**Task brief**:
Take the line that contains "10 малко известни водопада в България" as the start and the last line of the entries as the end, and print both and everything between them exactly, without the pictures.

======== Records shown ========

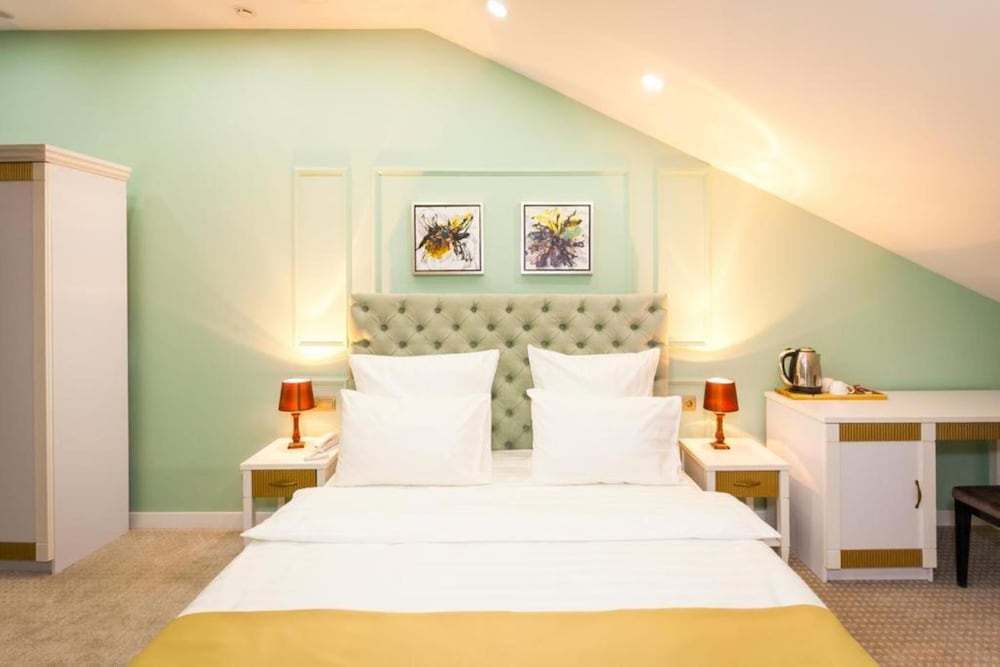 Deluxe Double Room photo 3
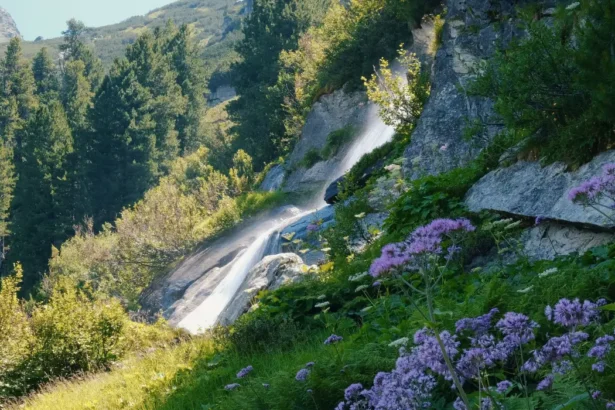 10 малко известни водопада в България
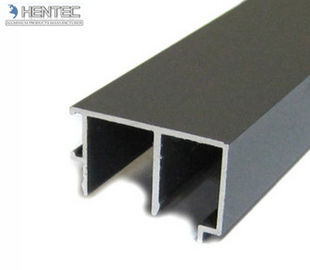 Il mulino finito/ha anodizzato i profili di alluminio dell'estrusione per le porte appese lato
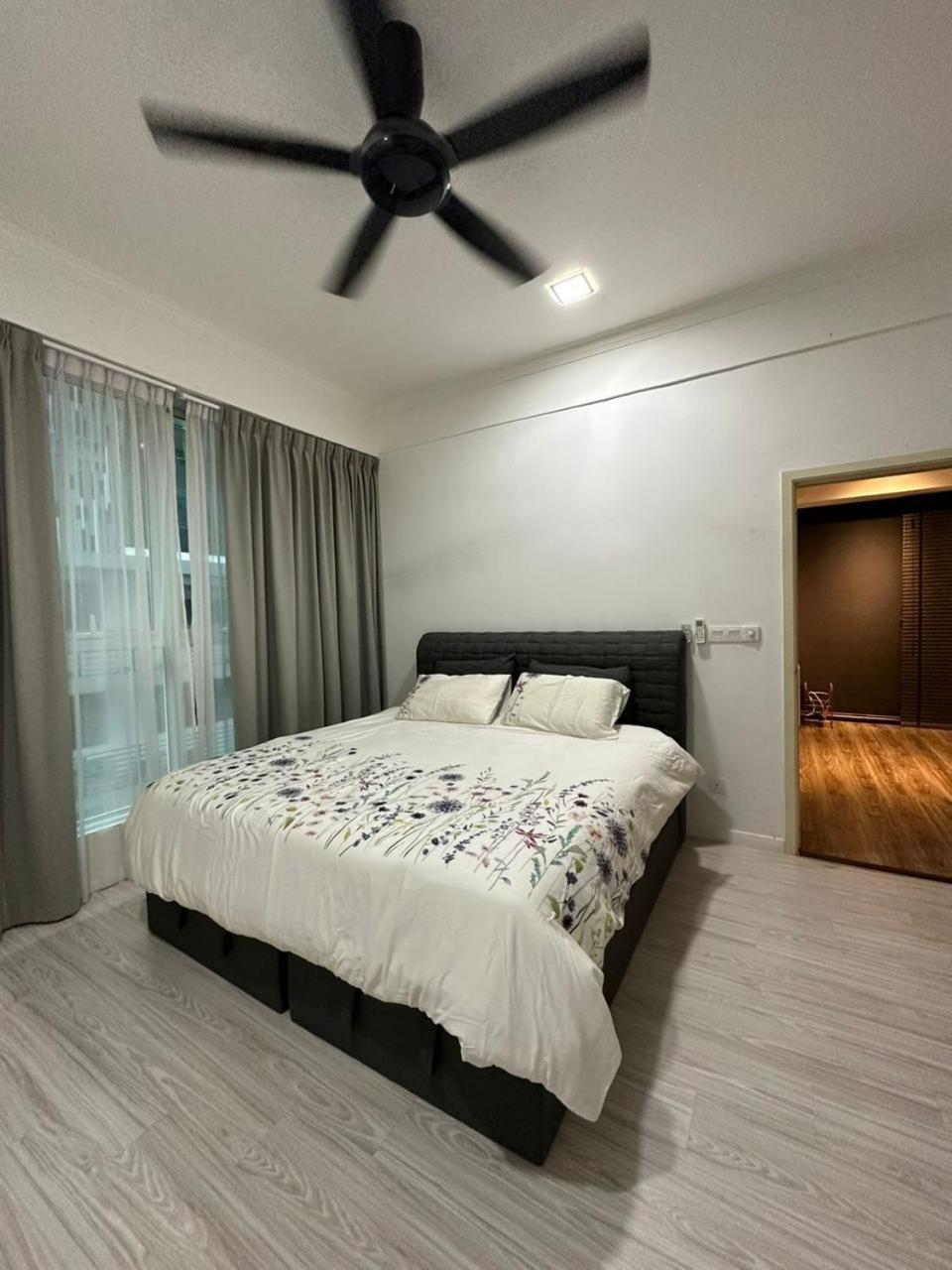 Sutera Avenue Kota Kinabalu Exterior foto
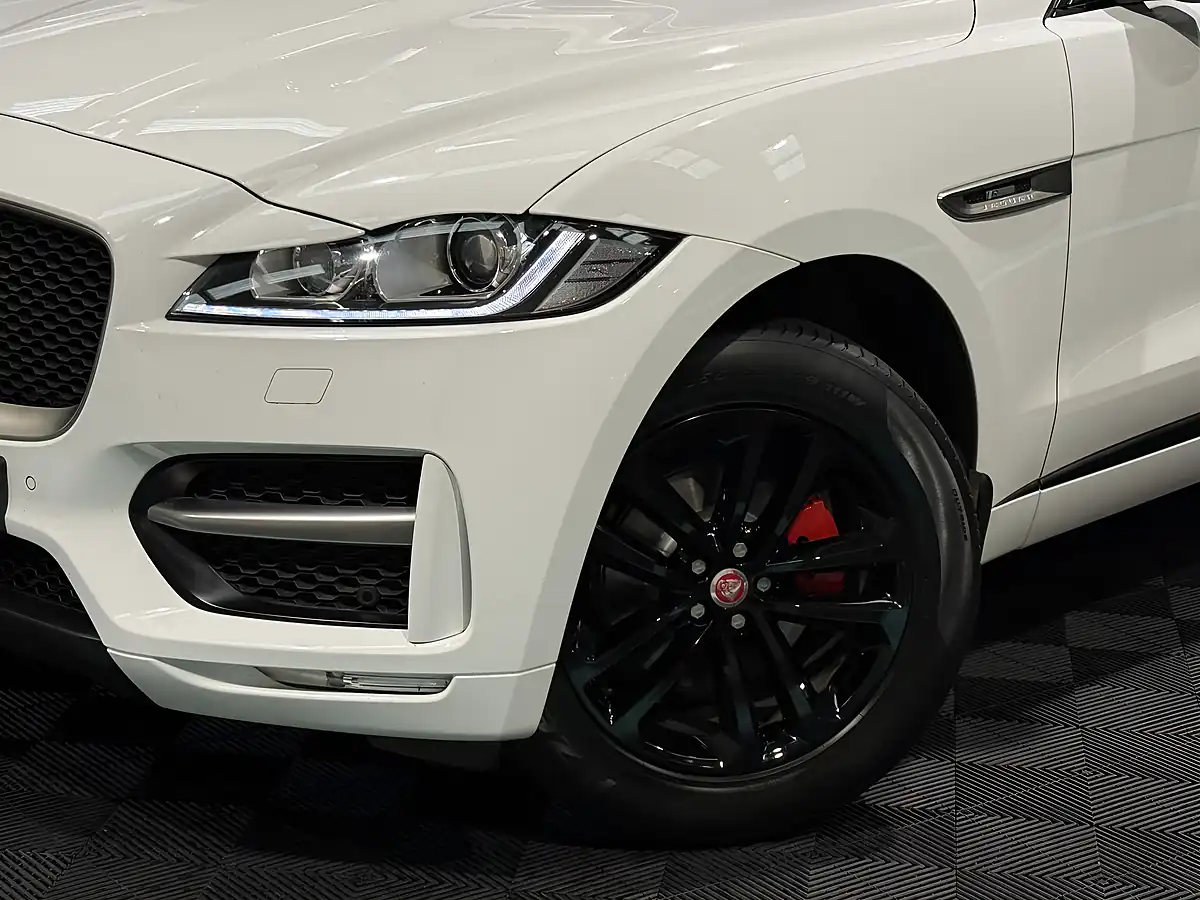 Used 2019 Jaguar F-Pace R-Sport White - Interior and Exterior details 12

========

**Answer space**:
 10 малко известни водопада в България
 Il mulino finito/ha anodizzato i profili di alluminio dell'estrusione per le porte appese lato
 Sutera Avenue Kota Kinabalu Exterior foto
 Used 2019 Jaguar F-Pace R-Sport White - Interior and Exterior details 12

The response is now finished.